Letters from Chip, Part 1

Muskogee, Oklahoma. February 14, 1941. 7:20 pm.

"Dear Folks,
Just a line to let you know I'm safe and sound and feeling great. The air down here is as clear as a bell, and believe me, we're getting plenty of it in our lungs.
...We had a great trip -- a private pullman coach all the way. We arrived last night at 1 a.m. -- or was that today? We climbed right into bed -- and a good bed, which we make-up ourselves every morning.
...We wear ordinary shoes -- the old pair I brought along and our wool socks. We have been given coveralls, a heavy sweater, and a leather sheepskin-lined jacket and cap. Our uniforms will be here in about a week. We were measured for them today.
...The food, believe it or not, is swell. Not near as good as mom's of course, but better than anything you could find in a restaurant. We are served cafeteria style and can have as many helpings per meal as we wish. I had a pint of milk for every meal and am going to stick to it.
There are about 150 men in our class and about 90 upperclassmen. Lower classmen are known as dodo birds. They estimate that 45% of our class, about 60 men, will 'wash out' during the first five weeks.
Must close now, as we have a meeting coming up in five minutes. Will write more, soon.

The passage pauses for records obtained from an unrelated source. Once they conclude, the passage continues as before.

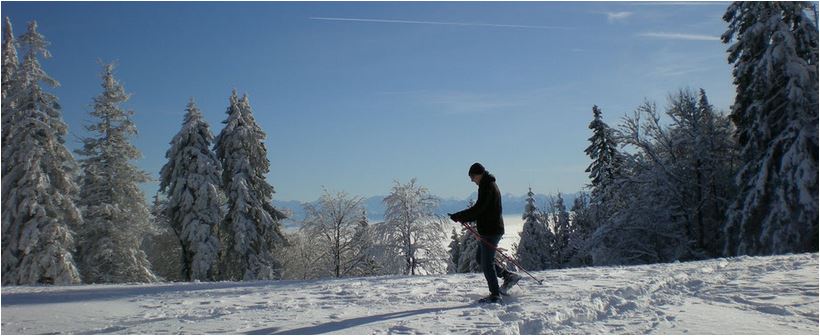 freie skifotos schweiz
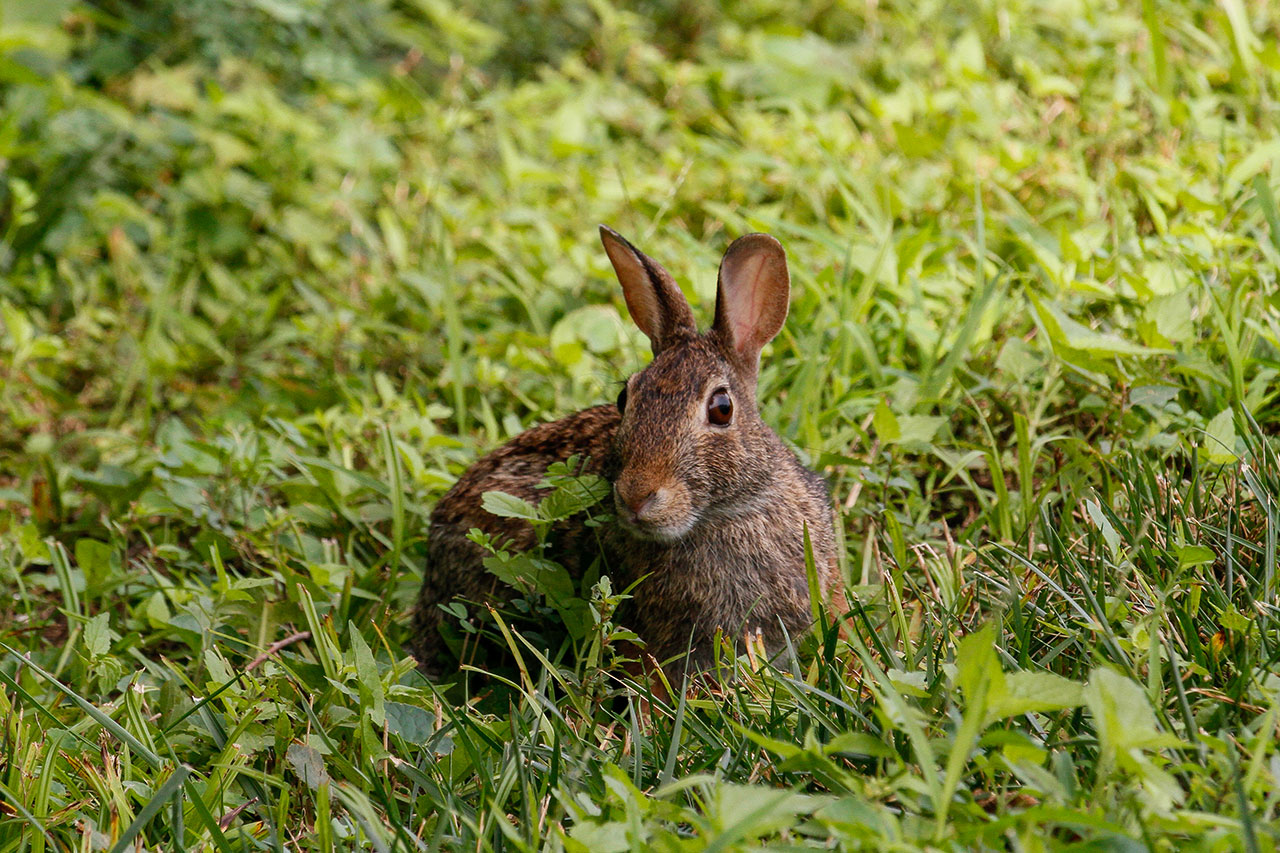 A bunny along the trail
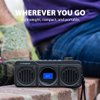 Avantree Boombyte - Portable Digital FM Radio with Bluetooth Speaker, Superb Sound, Metal Finish, MP3 Player, Support Micro SD Card & USB Audio Input, Long Play Time, Rechargeable, Easy to Use - Black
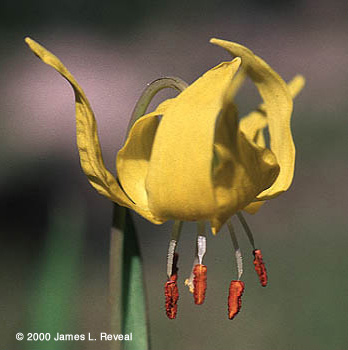 photo: Yellow avalanche-flower blossome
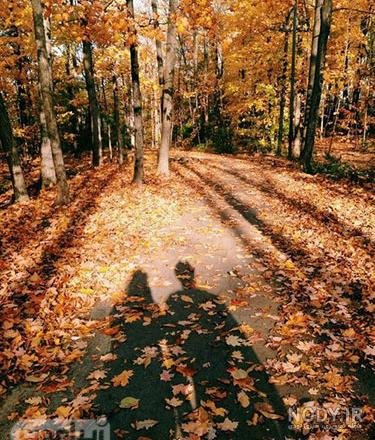  پروفایل پاییزی عاشقانه دونفره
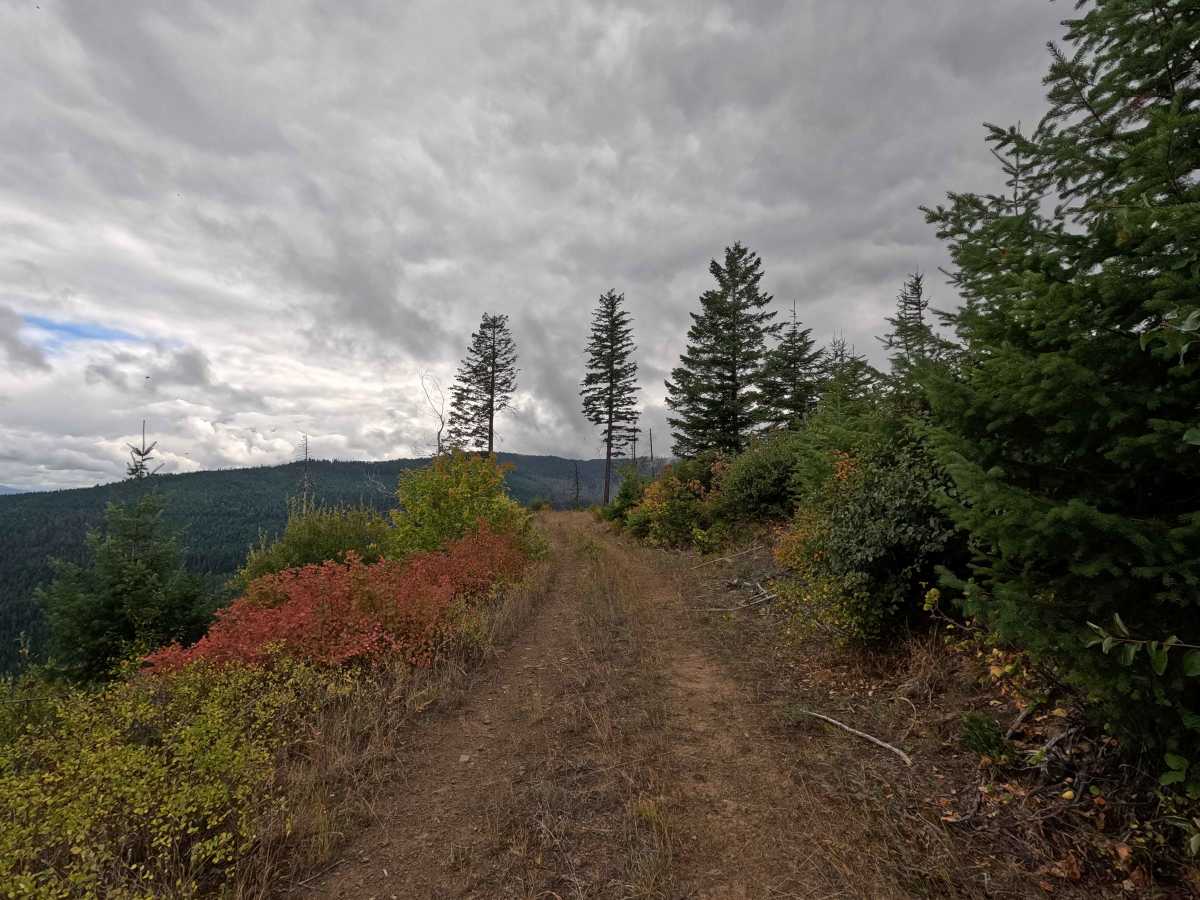 Solo Creek G - FS 659G photo 5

P.S. All flying cadets must write a letter home at least once a week or be forced to do 'gig.' (That's walking steady for one hour.)"

February 18, 1941.

"Dear Folks,
Am terribly sorry I didn't get a chance to write another letter sooner, but we've been 'on the hop' every minute here, and it just hasn't been possible. I'm working on the cadet publication here -- 'The Gosport"
[Note from Audra: forgive me if this title is incorrect; the writing is unclear] and am also writing 'propaganda' articles for various newspapers -- the last duty by order of the commanding officer.
...At the last writing, there were some 240 men here. There are about 205 now. Every day, three or five men 'wash out,' not because of scholastic requirements, but because they just can't fly good enough. There are 60 men left in the upper class out of 137. And another 25 or 30 of these will 'wash out' within the next month before they get a chance to go to Randolph.
This is the heart of the dust bowl down here, and the land is dead dry and flat as a table top. When the wind blows, it lifts a fine cloud of dust about a mile in the air and it looks like a heavy fog for the rest of the day.
...In three days we've learned to snap to attention, salute, and execute every marching movement in the books. It's a great life, and tough. Believe me, they make you toe the mark. I wish you could see the way I can make up a bed and put a locker in order. I can't believe it myself.
...Must close now to get to my studies. Will write again the first chance I get. Don't worry about me -- I'm doing great.